The Charleston Museum was founded in 1773 and is regarded as America’s First Museum. The museum’s mission is to preserve and interpret the cultural and natural history of Charleston and the South Carolina Lowcountry. The Museum's collections now represent the most comprehensive assemblage of South Carolina materials in the nation. Artifacts range from prehistoric to Revolutionary War to pre- and post-Civil War. Classes and workshops are also offered.
Backstory and Context
Established by the Charleston Library Society in 1773, it is the first official museum in the country. Early exhibits focused on New World and South Carolina notables which included Charles Cotesworth Pinckney, Reverend John Bachman, Thomas Heyward, Jr., and John J. Audubon. Open to the public in 1824, the Museum’s collection was lauded as one of the best in the country. Closed during the Civil War, it reopened after and has remained open ever since.

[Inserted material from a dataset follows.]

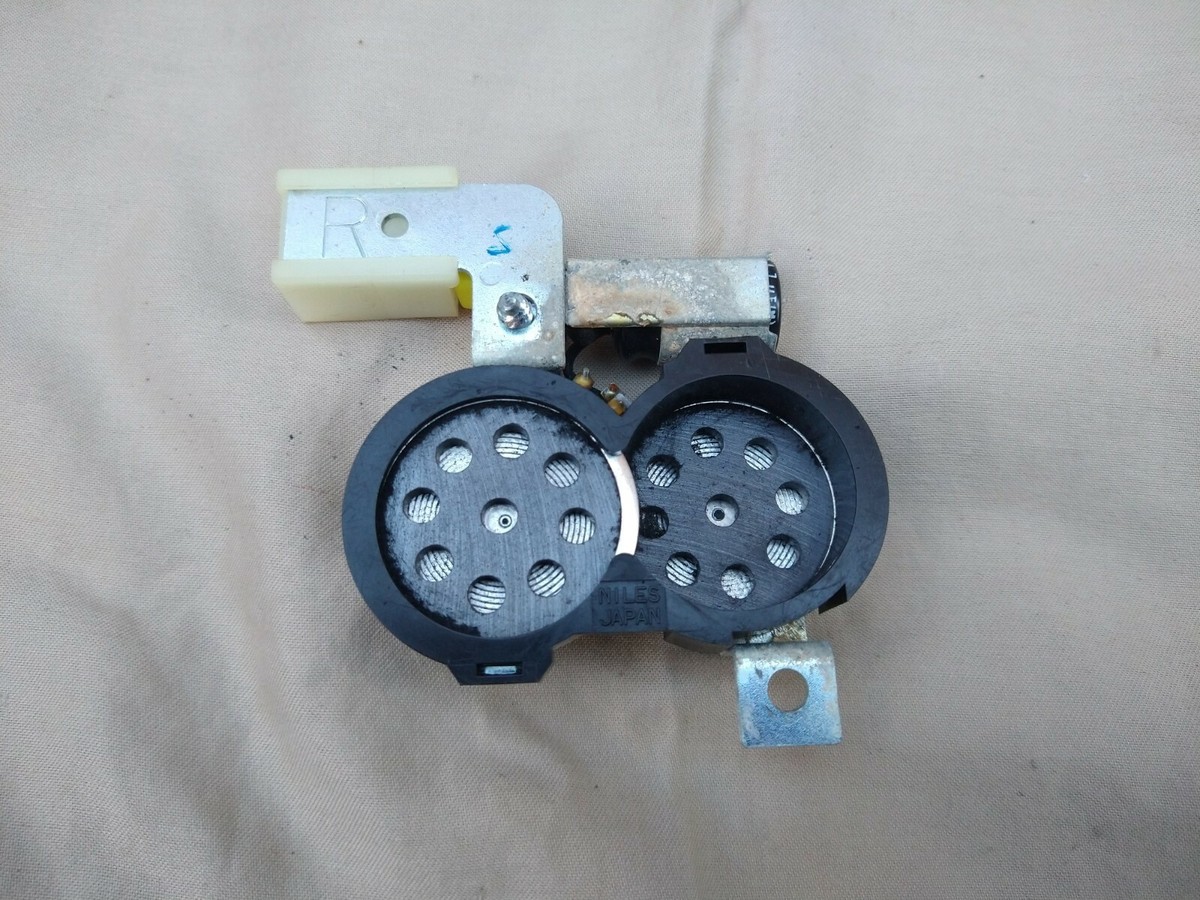 84 85 86 87 88 89 Nissan 300ZX Dash Tweeter Speaker Right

The museum’s current home is a modern two-story structure. Permanent exhibits include “The Early Days,” The Loeblein Gallery of Charleston Silver, and The Natural History section. The museum also manages and provides tours for two historic homes located nearby - the Joseph Manigault House and the Heyward-Washington House for an additional cost.
The Joseph Manigault House (350 Meeting Street) is also known as Charleston’s “Huguenot House” as the Manigaults were descendants of French Huguenots who fled seeking religious freedom. The house is of Federal design and displays the life of a wealthy rice planter’s family along with the slaves they owned. Manigault inherited several area rice plantations and over 200 slaves from his grandfather in 1788. He married well, first to Maria Henrietta Middleton, daughter of Arthur Middleton, a signer of the Declaration of Independence. After her death, he married Charlotte Drayton. The museum purchased the house in 1933.
The Heyward-Washington House (87 Church Street) is also known as the Revolutionary War House and is a Georgian-style double house. It was the townhome of Thomas Heyward, Jr., another South Carolinian signer of the Declaration of Independence. Captured by the British in Charleston in 1780, he was exchanged in 1781. President George Washington stayed there in 1791 during his visit to South Carolina. Heyward sold the house in 1794 to John F. Grimke, father of Sarah and Angeline Grimke, the famous abolitionists and suffragists. The house was acquired by the museum in 1929. The house features a collection of Charleston-made furniture and the only 1740s kitchen building open to the public in the city.